TV Exposure In The US
Series Compared

dailysportscar.comScott Atherton, American Le Mans Series President and CEO, announced the results (at Road Atlanta) of the Joyce Julius Sponsors Report for the first five races of the ALMS 2004 season, versus a similar number of races by its principal competitors in American racing.

The Joyce Julius Sponsors Report provides comprehensive documentation of in-broadcast brand exposure during sports, special event, and entertainment television programming. Offered by Joyce Julius and Associates since 1985, the Sponsors Report has become the most recognized name in television exposure valuation.

Speaking to an audience of media and racing executives at Road Atlanta, Atherton said, “everybody in this room uses it (the Joyce Julius Sponsors Report) to ‘keep score’ and in this category of measure, the ALMS is the clear winner.”

The report measured the value of on-air exposure for the top ten sponsors in the first five races of 2004 for each racing series.
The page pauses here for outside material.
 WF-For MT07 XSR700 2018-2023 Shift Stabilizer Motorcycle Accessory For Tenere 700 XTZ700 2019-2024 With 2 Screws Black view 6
Joyce Julius uses a formula to assign a dollar value to that set of sponsors’ exposure, and in Atherton’s view, though “we can argue about absolute dollar value, the ratio is valid”.

At the end of five races the value of sponsorship was reported as:
ALMS $22,052,500
IRL $14,195,560
CCWA $ 5,915,900 (the series formerly known as CART)
Grand-Am $ 2,332,515.

The IRL figure naturally does not include the Indy 500, an event in which sponsorship is purchased separately from the remainder of the series, much like the Super Bowl in American football.

”Remember, that's only the top ten sponsors after only five races – with Petit Le Mans and the network coverage of Laguna Seca - the difference will only get greater,” said Atherton. Clearly, the point that Atherton and others at IMSA and ALMS would like to make is that the issue is not cost, but value.